Your answer is the lines below, exactly, from the one that contains "Lazio, i biglietti" through the one that contains "Antusias Tinggi Anak-anak", both included.

(Brief descriptive captions)
»»
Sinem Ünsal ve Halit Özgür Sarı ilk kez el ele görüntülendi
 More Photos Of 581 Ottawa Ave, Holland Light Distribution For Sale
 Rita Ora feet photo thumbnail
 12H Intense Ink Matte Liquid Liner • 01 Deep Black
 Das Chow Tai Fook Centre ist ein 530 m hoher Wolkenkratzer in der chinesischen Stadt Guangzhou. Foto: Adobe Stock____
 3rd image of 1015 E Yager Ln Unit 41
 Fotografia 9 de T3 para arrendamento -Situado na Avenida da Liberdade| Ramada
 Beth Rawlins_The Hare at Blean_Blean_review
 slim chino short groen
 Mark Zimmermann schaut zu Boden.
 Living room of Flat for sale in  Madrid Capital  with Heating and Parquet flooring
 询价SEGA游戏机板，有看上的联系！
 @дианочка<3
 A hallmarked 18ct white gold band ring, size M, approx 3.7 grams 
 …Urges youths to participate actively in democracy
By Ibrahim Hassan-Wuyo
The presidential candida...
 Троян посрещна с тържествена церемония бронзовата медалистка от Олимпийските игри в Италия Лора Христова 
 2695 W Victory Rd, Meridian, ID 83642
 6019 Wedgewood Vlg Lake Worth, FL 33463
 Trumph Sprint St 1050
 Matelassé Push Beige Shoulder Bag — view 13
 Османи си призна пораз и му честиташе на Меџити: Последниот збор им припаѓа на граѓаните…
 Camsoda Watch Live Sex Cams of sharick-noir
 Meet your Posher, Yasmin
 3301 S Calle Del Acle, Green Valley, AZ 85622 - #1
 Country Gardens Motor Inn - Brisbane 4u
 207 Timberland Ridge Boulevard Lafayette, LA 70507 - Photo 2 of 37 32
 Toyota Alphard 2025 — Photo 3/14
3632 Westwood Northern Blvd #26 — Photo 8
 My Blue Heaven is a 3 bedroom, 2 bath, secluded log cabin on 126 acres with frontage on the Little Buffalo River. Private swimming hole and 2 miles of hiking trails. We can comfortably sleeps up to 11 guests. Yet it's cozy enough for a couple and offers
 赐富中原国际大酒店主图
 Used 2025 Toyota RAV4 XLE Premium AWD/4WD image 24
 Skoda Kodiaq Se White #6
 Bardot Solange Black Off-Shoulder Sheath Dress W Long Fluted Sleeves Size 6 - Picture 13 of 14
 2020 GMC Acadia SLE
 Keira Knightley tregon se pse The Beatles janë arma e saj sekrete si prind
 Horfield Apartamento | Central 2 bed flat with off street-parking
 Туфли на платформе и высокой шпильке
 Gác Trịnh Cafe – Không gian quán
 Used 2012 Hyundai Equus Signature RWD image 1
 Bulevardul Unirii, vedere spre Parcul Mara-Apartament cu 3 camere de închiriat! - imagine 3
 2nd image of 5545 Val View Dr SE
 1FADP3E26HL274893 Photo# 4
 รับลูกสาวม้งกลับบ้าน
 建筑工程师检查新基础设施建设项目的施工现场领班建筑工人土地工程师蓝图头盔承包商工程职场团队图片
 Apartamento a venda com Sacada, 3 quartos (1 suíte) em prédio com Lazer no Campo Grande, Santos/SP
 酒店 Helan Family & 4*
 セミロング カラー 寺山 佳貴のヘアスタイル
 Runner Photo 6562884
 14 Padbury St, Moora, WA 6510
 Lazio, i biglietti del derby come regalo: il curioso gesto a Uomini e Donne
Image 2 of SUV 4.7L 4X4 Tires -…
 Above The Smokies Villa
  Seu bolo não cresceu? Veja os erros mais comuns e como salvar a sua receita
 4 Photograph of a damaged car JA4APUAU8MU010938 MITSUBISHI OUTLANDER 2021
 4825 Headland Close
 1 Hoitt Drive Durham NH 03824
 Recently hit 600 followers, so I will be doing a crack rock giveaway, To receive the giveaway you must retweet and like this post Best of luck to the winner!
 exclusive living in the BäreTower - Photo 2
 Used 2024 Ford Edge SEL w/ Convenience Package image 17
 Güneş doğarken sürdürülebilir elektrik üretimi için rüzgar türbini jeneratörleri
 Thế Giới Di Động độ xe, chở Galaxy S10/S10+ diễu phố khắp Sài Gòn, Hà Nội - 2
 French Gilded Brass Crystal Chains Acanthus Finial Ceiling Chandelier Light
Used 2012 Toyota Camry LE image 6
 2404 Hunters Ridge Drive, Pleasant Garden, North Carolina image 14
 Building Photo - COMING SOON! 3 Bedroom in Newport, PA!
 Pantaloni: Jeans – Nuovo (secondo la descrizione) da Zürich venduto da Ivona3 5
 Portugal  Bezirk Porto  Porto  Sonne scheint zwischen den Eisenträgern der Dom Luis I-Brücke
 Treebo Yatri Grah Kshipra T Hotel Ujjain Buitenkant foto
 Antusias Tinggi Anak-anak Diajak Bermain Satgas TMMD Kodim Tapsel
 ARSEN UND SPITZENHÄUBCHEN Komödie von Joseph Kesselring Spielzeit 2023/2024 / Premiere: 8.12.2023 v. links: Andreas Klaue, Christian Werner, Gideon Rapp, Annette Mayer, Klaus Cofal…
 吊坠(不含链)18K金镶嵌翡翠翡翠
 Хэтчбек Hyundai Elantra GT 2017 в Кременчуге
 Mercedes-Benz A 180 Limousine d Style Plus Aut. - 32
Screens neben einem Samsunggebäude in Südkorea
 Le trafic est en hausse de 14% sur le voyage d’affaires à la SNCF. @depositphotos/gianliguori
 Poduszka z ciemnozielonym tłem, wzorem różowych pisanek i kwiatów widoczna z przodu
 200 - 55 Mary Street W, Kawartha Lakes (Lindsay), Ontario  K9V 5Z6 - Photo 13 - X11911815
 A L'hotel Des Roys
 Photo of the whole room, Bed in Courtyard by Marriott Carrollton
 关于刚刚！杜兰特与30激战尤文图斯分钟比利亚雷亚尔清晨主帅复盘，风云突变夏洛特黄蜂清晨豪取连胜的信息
««
» Answer section
 Lazio, i biglietti del derby come regalo: il curioso gesto a Uomini e Donne
Image 2 of SUV 4.7L 4X4 Tires -…
 Above The Smokies Villa
  Seu bolo não cresceu? Veja os erros mais comuns e como salvar a sua receita
 4 Photograph of a damaged car JA4APUAU8MU010938 MITSUBISHI OUTLANDER 2021
 4825 Headland Close
 1 Hoitt Drive Durham NH 03824
 Recently hit 600 followers, so I will be doing a crack rock giveaway, To receive the giveaway you must retweet and like this post Best of luck to the winner!
 exclusive living in the BäreTower - Photo 2
 Used 2024 Ford Edge SEL w/ Convenience Package image 17
 Güneş doğarken sürdürülebilir elektrik üretimi için rüzgar türbini jeneratörleri
 Thế Giới Di Động độ xe, chở Galaxy S10/S10+ diễu phố khắp Sài Gòn, Hà Nội - 2
 French Gilded Brass Crystal Chains Acanthus Finial Ceiling Chandelier Light
Used 2012 Toyota Camry LE image 6
 2404 Hunters Ridge Drive, Pleasant Garden, North Carolina image 14
 Building Photo - COMING SOON! 3 Bedroom in Newport, PA!
 Pantaloni: Jeans – Nuovo (secondo la descrizione) da Zürich venduto da Ivona3 5
 Portugal  Bezirk Porto  Porto  Sonne scheint zwischen den Eisenträgern der Dom Luis I-Brücke
 Treebo Yatri Grah Kshipra T Hotel Ujjain Buitenkant foto
 Antusias Tinggi Anak-anak Diajak Bermain Satgas TMMD Kodim Tapsel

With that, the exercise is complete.